■ **WHAT YOU NEED TO DO**: Which lines run from the one containing "海老ヵ浜 海食柱 大正関東地震 穿孔貝" to the end of the listing below? Write them out exactly, both ends included, with nothing else.

■ **SOURCE RECORDS**:
--------------------

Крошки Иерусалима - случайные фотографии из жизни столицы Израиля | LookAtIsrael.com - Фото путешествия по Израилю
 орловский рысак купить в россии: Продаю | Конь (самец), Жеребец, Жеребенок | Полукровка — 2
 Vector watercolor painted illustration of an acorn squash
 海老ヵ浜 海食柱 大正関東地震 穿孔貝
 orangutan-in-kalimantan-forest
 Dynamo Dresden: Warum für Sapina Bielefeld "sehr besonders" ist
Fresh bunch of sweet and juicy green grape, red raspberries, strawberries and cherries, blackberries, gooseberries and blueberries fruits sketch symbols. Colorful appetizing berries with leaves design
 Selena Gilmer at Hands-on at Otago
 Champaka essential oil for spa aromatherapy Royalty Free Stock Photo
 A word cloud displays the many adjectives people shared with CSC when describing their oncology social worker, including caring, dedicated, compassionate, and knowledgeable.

--------------------

■ **SOLUTION TO THIS TASK**:
 海老ヵ浜 海食柱 大正関東地震 穿孔貝
 orangutan-in-kalimantan-forest
 Dynamo Dresden: Warum für Sapina Bielefeld "sehr besonders" ist
Fresh bunch of sweet and juicy green grape, red raspberries, strawberries and cherries, blackberries, gooseberries and blueberries fruits sketch symbols. Colorful appetizing berries with leaves design
 Selena Gilmer at Hands-on at Otago
 Champaka essential oil for spa aromatherapy Royalty Free Stock Photo
 A word cloud displays the many adjectives people shared with CSC when describing their oncology social worker, including caring, dedicated, compassionate, and knowledgeable.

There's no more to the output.